I thought about it a while and decided to make a tool to use bearing balls to press divots into the material around the bearing pocket.  I envisioned a pin that would go down through the bearing and have that position 4 bearing balls in the correct place.  Then, I could put it in the arbor press and stake the bearing.  Here is the tool I made:
This is how it works:
After pressing in the hydraulic press, this is how the dead ends looks after the bearings are staked:
Overall, the appearance is good and the bearing is secure.  By using only 4 stake points, I reasoned that "if" the bearing ever needed to be removed, or replaced, you could press the old bearing out, re-bore the hole and put a new bearing in.  Then, the bearing could be re-staked with the bearing balls turned 45 deg to fall in between the existing staking divots.
The last remaining task was to tap all the plug holes to 1/8" NPT.  Here is a live end in the drill press getting the tap started.  I used a "Center-It" to place the part under the drill press chuck. 
Then, I hold pressure down on the drill press spindle while turning the spindle by hand.  This gets the tap started in the hole straight and square:
Once I have 3-4 threads started, I take the part to the workbench vise and finish tapping the hole by hand:
Finally, here is one set of actuators cleaned up, painted and assembled (except for the 1/8" NPT pipe plugs and hydraulic line fitting) :

That is one more set of parts to take off the "To-Do" list for kit #18.  For a good view of where and how these actuators work, see Ray's Builder Update in Section 4, below.
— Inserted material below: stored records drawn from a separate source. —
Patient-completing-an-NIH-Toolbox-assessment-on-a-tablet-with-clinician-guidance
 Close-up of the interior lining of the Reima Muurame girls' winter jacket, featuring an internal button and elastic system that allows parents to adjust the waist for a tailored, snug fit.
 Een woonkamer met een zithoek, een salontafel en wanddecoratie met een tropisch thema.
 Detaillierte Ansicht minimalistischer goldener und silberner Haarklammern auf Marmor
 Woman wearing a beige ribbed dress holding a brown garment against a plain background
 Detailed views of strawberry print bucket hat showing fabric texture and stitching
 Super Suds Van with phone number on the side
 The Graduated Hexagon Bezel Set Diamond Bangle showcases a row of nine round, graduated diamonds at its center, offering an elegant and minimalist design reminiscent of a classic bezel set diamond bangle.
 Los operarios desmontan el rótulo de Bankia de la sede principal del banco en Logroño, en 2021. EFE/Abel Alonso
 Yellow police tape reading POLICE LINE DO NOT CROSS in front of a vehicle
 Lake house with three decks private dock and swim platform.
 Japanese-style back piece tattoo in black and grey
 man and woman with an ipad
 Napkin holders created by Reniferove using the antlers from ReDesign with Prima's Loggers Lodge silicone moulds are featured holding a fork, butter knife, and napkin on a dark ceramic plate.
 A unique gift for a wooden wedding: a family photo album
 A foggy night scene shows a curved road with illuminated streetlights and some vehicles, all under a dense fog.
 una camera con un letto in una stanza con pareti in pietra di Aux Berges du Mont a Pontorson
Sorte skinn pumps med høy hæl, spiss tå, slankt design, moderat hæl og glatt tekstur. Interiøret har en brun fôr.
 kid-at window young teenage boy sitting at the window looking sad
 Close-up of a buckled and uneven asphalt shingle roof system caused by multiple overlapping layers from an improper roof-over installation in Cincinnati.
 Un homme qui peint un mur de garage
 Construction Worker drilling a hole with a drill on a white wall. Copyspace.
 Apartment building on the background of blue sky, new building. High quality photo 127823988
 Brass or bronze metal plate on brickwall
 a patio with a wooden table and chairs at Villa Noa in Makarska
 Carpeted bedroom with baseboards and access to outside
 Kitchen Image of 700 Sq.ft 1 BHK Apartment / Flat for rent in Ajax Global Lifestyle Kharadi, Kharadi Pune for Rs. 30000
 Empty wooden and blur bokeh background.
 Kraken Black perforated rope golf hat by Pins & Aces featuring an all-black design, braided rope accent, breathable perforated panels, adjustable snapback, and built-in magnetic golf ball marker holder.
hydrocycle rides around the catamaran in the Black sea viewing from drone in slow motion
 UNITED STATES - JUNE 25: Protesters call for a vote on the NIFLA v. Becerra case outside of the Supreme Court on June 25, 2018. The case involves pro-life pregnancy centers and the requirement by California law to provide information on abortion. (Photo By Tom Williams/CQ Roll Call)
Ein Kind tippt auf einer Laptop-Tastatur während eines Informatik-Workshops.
2.  Another Fix To The MotionMaster -  After all the lathe work to make the hydraulic actuators, I decided to mix it up and get some router work done with the MotionMaster to fabricate some long channel parts for kit #18.  The day came to put some aluminum on the table and fire up the machine - and when I went to push the button......there was no "fire."  What-the-heck, now!?!?  I pulled the cover off the rotary phase converter and found this:
It might not be easy to see in the above pic, but the main power relay on the upper left is hanging by the wires.  Here (below) is the place where the relay is supposed to be - the main mounting plate and the 4 "legs" are still mounted there, but the relay body is broken off:
Here is the back of the main relay.  You can see the 3 of the 4 points where the "legs" broke off.
After I got it all apart, I remembered that this part was originally damaged when it was shipped to me when I was building the 25HP rotary phase converter.  During shipping, the jarring knocked a couple capacitors loose inside the box.  Then, those rattled around a broke more components - like the main power relay.  At that time, I just wanted to get the rotary phase converter built and running - so, instead of taking the time to send the part back for a replacement I just "Krazy Glued" the legs back onto the relay.  Well, the Krazy Glue held for quite a while, but let go sometime during the 3 years that I hadn't used the machine.
A little more thorough repair was in order now.  I "Krazy Glued" the legs back on again, but this time I ruffed up the plastic with a Dremel tool all around the breaks:
With the legs all ruffed up, it looked like this:
Then, I slathered on a layer of JB Weld onto the ruffed up areas to help reinforce the Krazy Glue repairs.  This should help the joint stay stable and not break again:
After the repair cured, I put it all back together and got the machine running.  Here is the machine trimming a sheet of aluminum:

3.  Fabricating Long Aluminum Channels - Kit #18 needs several long aluminum channels fabricated for it.  I needed to make some 2024-T3 (.032" thick) to make the longeron covers for the cockpit.  I also needed to fabricate the (0.040") outboard wing trailing edge hinge support channels for the kit.  And, lastly, the kit needed a set of five 2" channels (0.040") that make up the upper and lower mid-framing longerons.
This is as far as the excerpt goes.